Directed by Nicole Holofcener

 Oliver Platt, Catherine Keener, Rebecca Hall, Amanda Peet



Please Give


Nicole Holofcener has made some interesting films: “Friends With Money” and “Lovely and Amazing” come to mind.  “Please Give,” though not a bad film, seems to have imprisoned her in a style in which each episode, each moment, is expected to have more resonance than she has given it.  We quickly go on to other things, and so does she.


Oliver Platt (Alex) and Catherine Keener (Kate) are married and own a mid-20th-century not-quite antique store in Manhattan, where they buy some stock from recently deceased people, mark them up and sell them.  They want to buy their neighbor’s apartment, a 90-year-old widow with two granddaughters, Rebecca (Rebecca Hall) and Mary (Amanda Peet).  Rebecca is a radiology technician, Mary does facials at a salon. 

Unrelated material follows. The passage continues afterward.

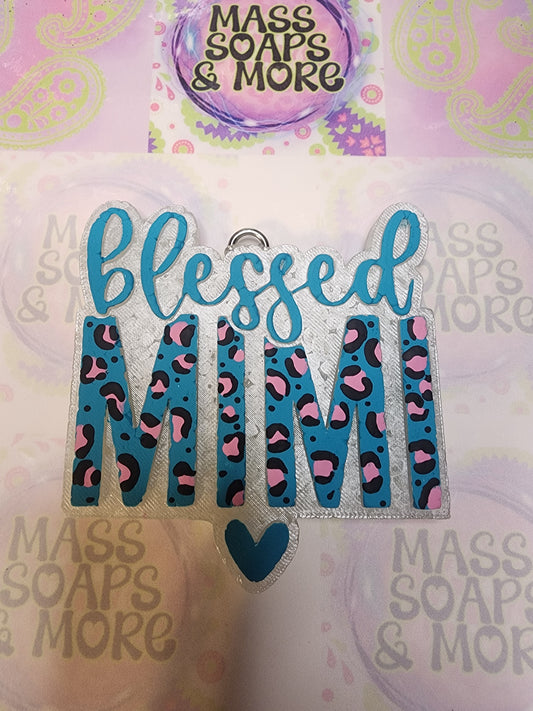 Blessed Mimi freshie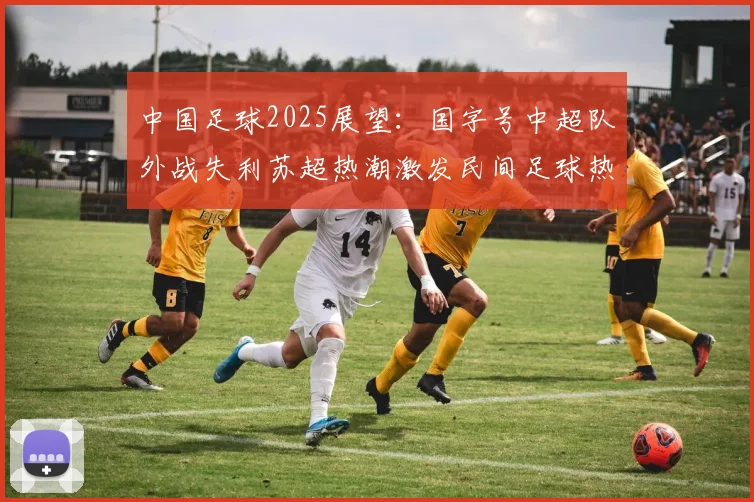 中国足球2025展望：国字号中超队外战失利苏超热潮激发民间足球热情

In the course of getting to know his neighbor’s family, Alex has an affair with Mary, and there lies one of the problems with the film: Platt is miscast (too fat, too slobby) in the role – why would Mary even want to sleep with him? – and we never see whether or to what extent his adultery has consequences for his marriage.  Alex and Kate have a 15-year-old daughter, Andra, with lots of acne and lots of teenage anger.  But she seems to be there as a plot device rather than as a human being.


In a sense, every character in “Please Give” seems to be in place here so that Holofcener can make a movie, rather than to be a human being.  Kate has a kind of tic: she gives money to everyone she sees on the street who appears to be homeless.  She tries to volunteer at an old-people’s home and a center for disabled teenagers, but retires to the bathroom to cry about it without committing herself.  Mary and Rebecca have problems as sisters, but we are left to intuit just what went wrong between them.


Don’t be put off by these objections; with the exception of Mr. Platt, this is a marvelous cast of actresses who can do no wrong.  It’s the writer/director who’s let them down.